Facts & Fictions about Hearing Loss

Facts & Fictions about Hearing Loss

In Hearing Health, Hearing Loss, Research by Dr. Jason Leyendecker

Dr. Jason Leyendecker
Latest posts by Dr. Jason Leyendecker (see all)

In the last ten years, awareness of our hearing wellbeing has come a long way, but there are still many misunderstandings surrounding hearing loss. Do you still think that only the elderly suffer from hearing loss? Or believe your doctor would notice whether you have a physical routine problem with your hearing? If you still believe these things, then it’s time to dispel some myths.

Here, we dismantle some of the common myths when it comes to hearing loss.

Fiction: Hearing loss is only a concern for older adults.

When exposed to excessively loud noise levels, no matter what age you’d be, irreversible hearing loss will occur. While several consistently noisy occupations are regulated by federal law, daily life provides ample opportunities to damage your hearing. This could include public transport or even the appliances in your home.

Although our audition is more easily damaged as we age, a large proportion of hearing loss due to age occurs as a result of gradual damage in our lives. This is cumulative and will build up throughout one’s life.

Fiction: I don’t work in a noisy place, so my risk is low.

Here’s what you need to remember: you always have a sense of hearing. Think about it: even when all the other reasons have been disengaged, you wake up to your alarm clock. This means that you will also be exposed to whatever sounds are around you.

Hearing risks are also mutating. Previously the largest source of noise-induced hearing loss was to be found in the workplace. With the success of hearing protection programs and federal laws, noise risks are now mainly to be found in the leisure sphere. Are you a music lover, recreational shooter, or just like to listen to music on your headphones? You might be endangering your hearing and not even realize it.

Fiction: If I had hearing loss, wouldn’t my doctor tell me?

Did your doctor administer a hearing test on you the last time you went for your physical? The likelihood is not, because few physicians do so. Your doctor will often rely on you to identify any health problems that they can research and treat.

You wouldn’t expect your doctor to detect cavities in your teeth in a physical routine, so it stands that they wouldn’t detect any hearing changes in you unless very evident. And it is unlikely to be visible, given the quiet, one-on-one conditions in which you usually visit your physician.

Hearing health professionals are specially trained in conducting hearing tests, evaluating hearing loss, and prescribing treatment. It’s best to see one and make an appointment if you’ve noticed changes in your hearing.

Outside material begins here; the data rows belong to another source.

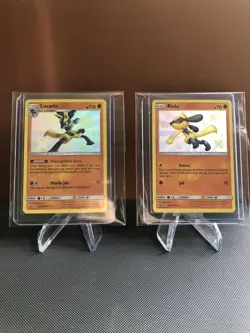 2019 Pokemon Sun & Moon Hidden Fates Shiny Lucario SV22/SV94 + Shiny Riolu - Image 1
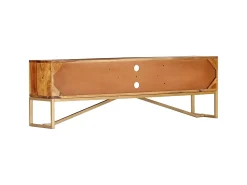 Móvel De Tv| Móvel de TV 140x30x45 cm madeira de sheesham maciça PT645751 Castanho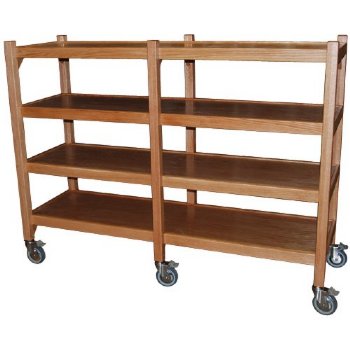MRI Non-Magnetic Solid Oak Shelving with Casters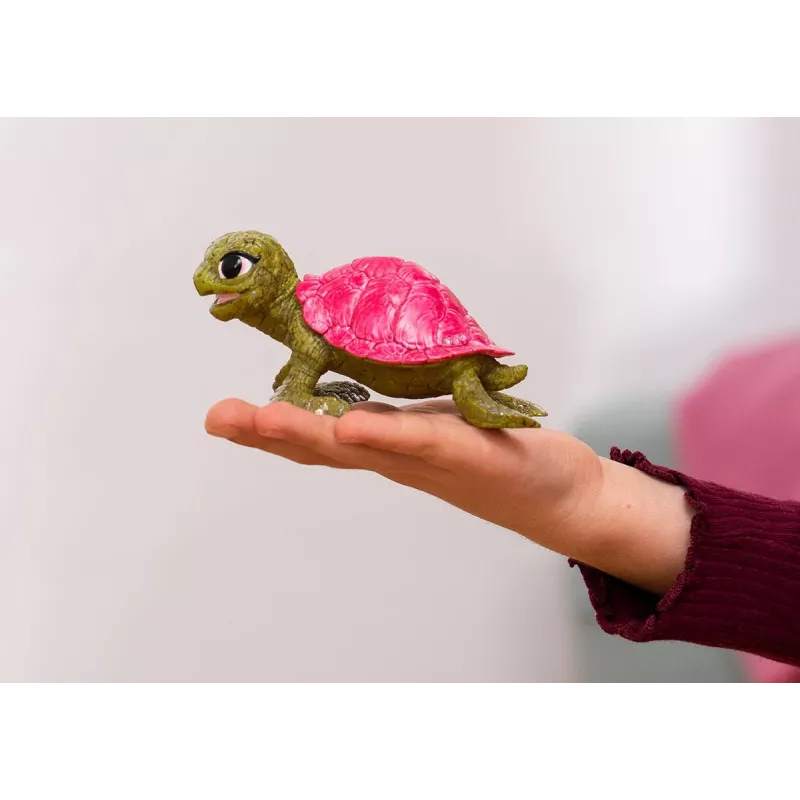 Hračka Schleich BAYALA Pink Saphir korytnačka zelená ružová 70759S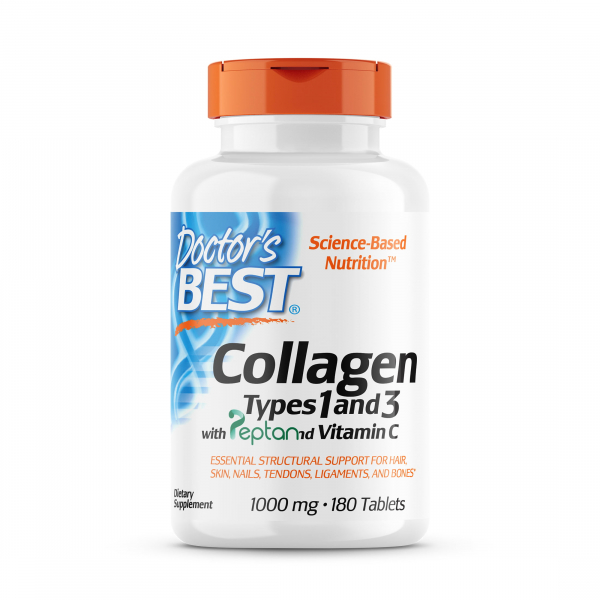 Doctor's Best Collagen Types 1 & 3 with Peptan 1000 мг, 180 таб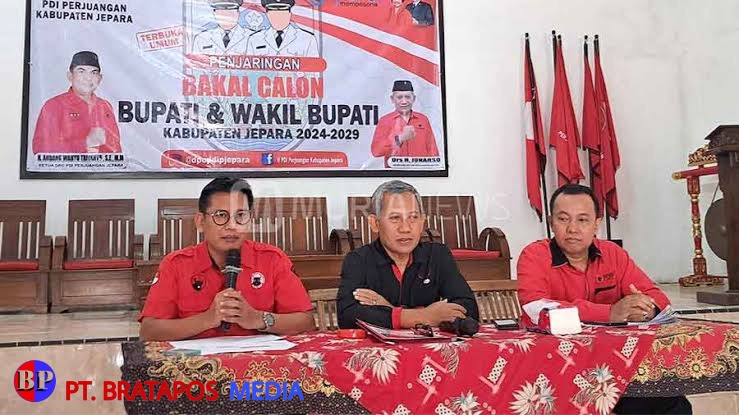 Pendaftaran Bakal Calon Bupati dan Wakil Bupati Dibuka di DPC PDIP Jepara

Fiction: If I had hearing loss, I would know about it.

Self-diagnosis is practically impossible when it comes to the earliest signs of hearing loss. This is because hearing loss happens quite differently from what one would expect.

Instead of reducing volume all-around, hearing loss starts as a sound distortion. Some sounds come out loud and clear, just like they have ever been. Yet, slowly, it will become more and more difficult to understand speech— it may seem as if everyone suddenly began to mumble. This is because people tend to lose specific frequencies that are used in speech sounds.

Fiction: Hearing aids are only if your hearing loss is severe.

When you suffer from hearing loss symptoms and leave them untreated, your condition can worsen, causing permanent damage. If the normal hearing cycle is disrupted, the brain has to relearn the sound.

Diagnosing your hearing loss early and treating it with hearing aids is the most efficient way to help your mind continue to register and interpret sounds naturally.

Hearing aids increase your ability to hear sounds but do not return impaired hearing to its normal state. But the wearer is more likely to have a great experience with the correct guidance, proper fitting, and fine-tuning. Its efficacy often depends on the degree of hearing impairment the individual has. The more hearing loss is treated, the worse the permanent damage is, so it is up to you to get checked and get yourself treated before too much damage is done.